Vie et mort d'Emile Ajar
de Romain Gary

critiqué par Sibylline, le 26 novembre 2005
(Normandie - 73 ans)


La note:  étoiles
Intérêt documentaire
La lecture de cette trentaine de pages est indispensable à tous ceux qui s’intéressent à ce que fut l’imbroglio Gary/Ajar.
Dans cet opuscule publié après sa mort, Romain Gary explique et raconte ce qu’il a fait et pourquoi.
C’est court, clair, net. Même s’il ne répond pas, faute de l’admettre, à la question que tout le monde se pose : pourquoi les livres d’Emile Ajar étaient-ils tellement meilleurs que ceux que Romain Gary écrivait à la même époque ?
Il le nie.
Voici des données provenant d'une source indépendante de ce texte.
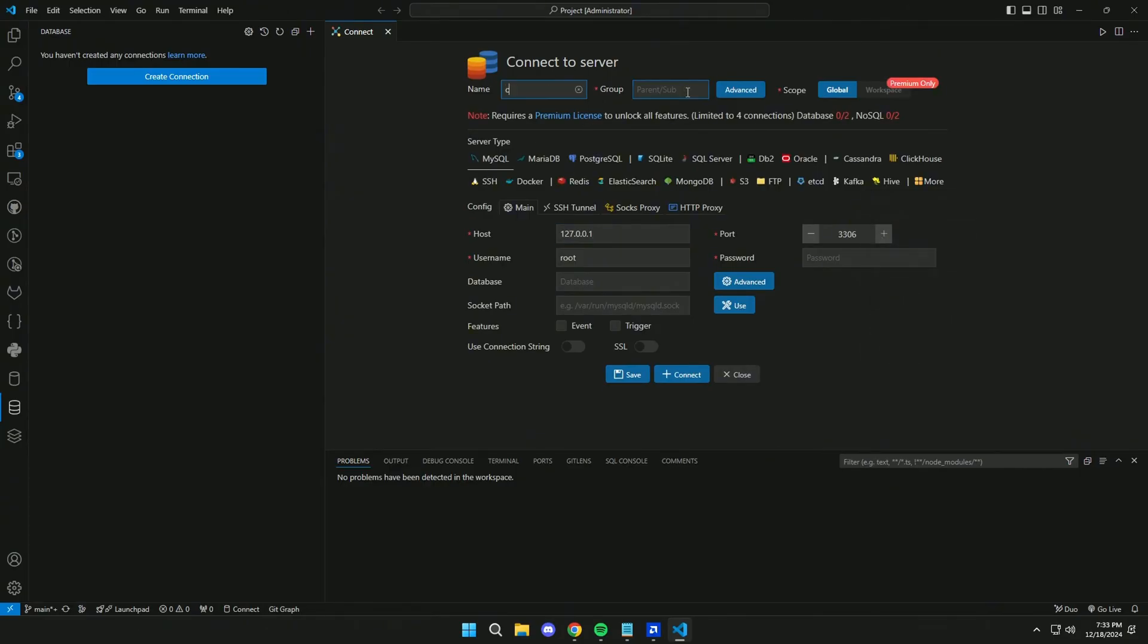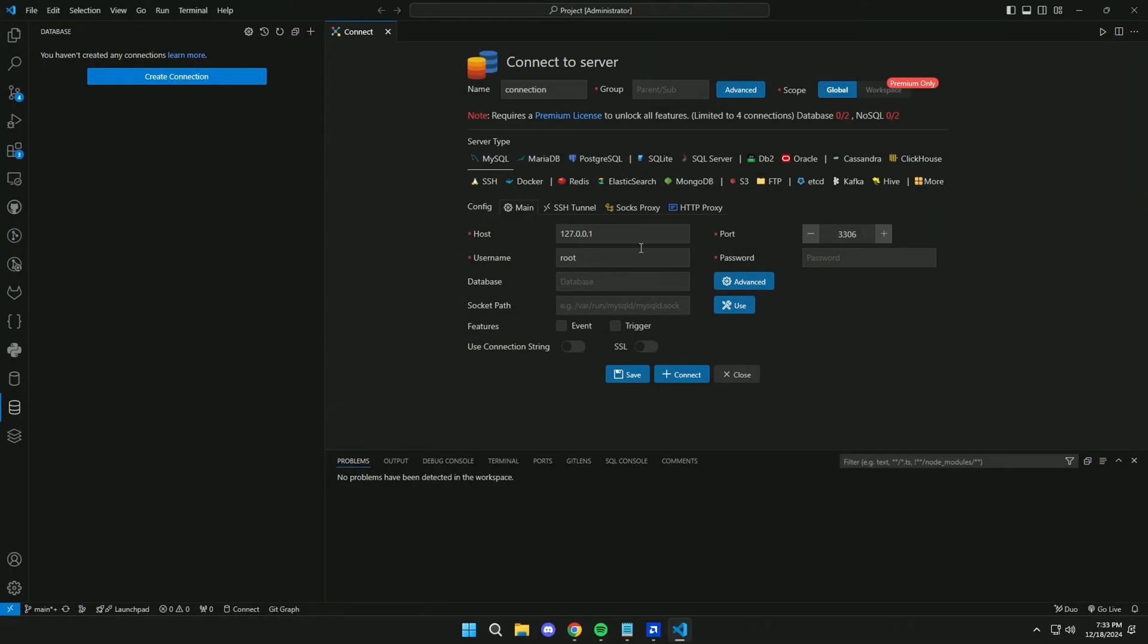Here we put the name. Here MySQL. Here the host. And here we fill in the data.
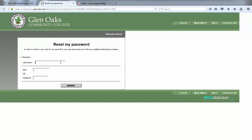You will now be on the WebAdvisor Reset My Password screen. Enter your last name in the area provided, followed by either your social security number or your college ID number. You do not need to supply both.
Il reproche amèrement aux critiques de n’avoir pas su reconnaître, au contraire, que tout Ajar était déjà chez Gary et d’avoir soutenu que «Gary aurait été bien incapable d’écrire cela» alors que c’était exactement ce qu’il avait fait.
Certes, mais alors pourquoi ne le faisait-il pas toujours ? Il pense qu’il le faisait. Le lecteur sait que non.
Il motive principalement sa supercherie par son désir de se débarrasser de l’étiquette qu’on lui avait collée sur le dos. Il dit que s’il avait publié ces livres en tant que Gary, on n’aurait pas reconnu leur valeur, le rôle officiel qu’on lui faisait tenir y aurait fait obstacle. Il ne voit pas que, tout autant, lui-même n’écrivait pas les mêmes choses lorsqu’il était Gary. Lui aussi participait au rôle. Paul Pavlovitch, quant à lui, rapporte que Gary, parlant de «Gros câlin» «répéta plusieurs fois que, sans ce pseudonyme, il n’aurait pas pu écrire cette œuvre. Trop nu, trop à découvert avec ses demandes et ses besoins» Et je crois que nous sommes là plus près de l’exactitude. Ajar racontait ce que Gary n’osait pas dire. Et l’œuvre signée Ajar me semble mieux résister à l’assaut des ans.
Cette brochure est la version de Gary de cette incroyable histoire, version donnée sans que le recul y ait pu apporter sa part d’objectivité, car du recul, il n’en aura jamais. Ecrite en mars 79 mais maintenue cachée, elle n’a été publiée qu’après son suicide et à peu près en même temps (une quinzaine de jours après, me semble-t-il) que la version que Paul Pavlovitch donna des mêmes faits.
Voir : http://www.critiqueslibres.com/i.php/vcrit/10316
Du volte-face Gary-Ajar 8 étoiles

En fin de parcours, peu avant de se suicider, comme en guise de testament littéraire, Romain Gary se livre à une explication de la création du pseudonyme d'Emile Ajar sous lequel il a rédigé une partie de son oeuvre. Etonné de la dupe des critiques qui n'ont pas vu la proximité des thématiques et du style, il s'amuse de la préférence donnée à Ajar plutôt qu'à lui. Ce masque soudain eût été fortuit au départ, puis savamment alimenté.
Cette comédie littéraire mérite un détour et le temps de s'y arrêter, cette explication vient donc ici pour cela.
Elle se termine par cette formule très ironique, en deux phrases sibyllines : "Je me suis bien amusé. Au revoir et merci. ROMAIN GARY 21 mars 1979". Cela détient un double sens : il s'agit d'une sarcastique révérence littéraire, où il s'amuse de son pied-de-nez, et d'un adieu à la vie, qu'il décide de quitter. Ce n'est pas qu'anecdotique et vaut critique ironique d'un système.

Veneziano - Paris - 46 ans - 3 janvier 2020


Le point de vue de Romain Gary sur "l'affaire Émile Ajar" 6 étoiles

Ecrit en 1979, année de la publication de "l'angoisse du roi Salomon" dernier roman signé Émile Ajar, mais publié en 1981 quelque mois après la mort de Romain Gary, ce court essai donne la version de Gary sur ce qui est devenu "l'affaire Émile Ajar", il raconte ses motivations et révèle un peu les coulisses de l’écriture des quatre romans signés Ajar de son point de vue et justifie qu'ils sont bien de lui en faisant le parallèle avec son "œuvre officielle".

On peut reprocher à ce document de laisser quelques zones d'ombres et de ne pas entrer dans les détails, cependant on peut aujourd'hui trouver des documents sur Internet qui vont plus loin, notamment sur la chaîne YouTube officielle de la ville de Nice où un colloque spécial sur Romain Gary s'est tenu à l'occasion du centenaire, les vidéos 6 et 7 reviennent en profondeur sur Émile Ajar, ce sont des bons compléments à ce livre.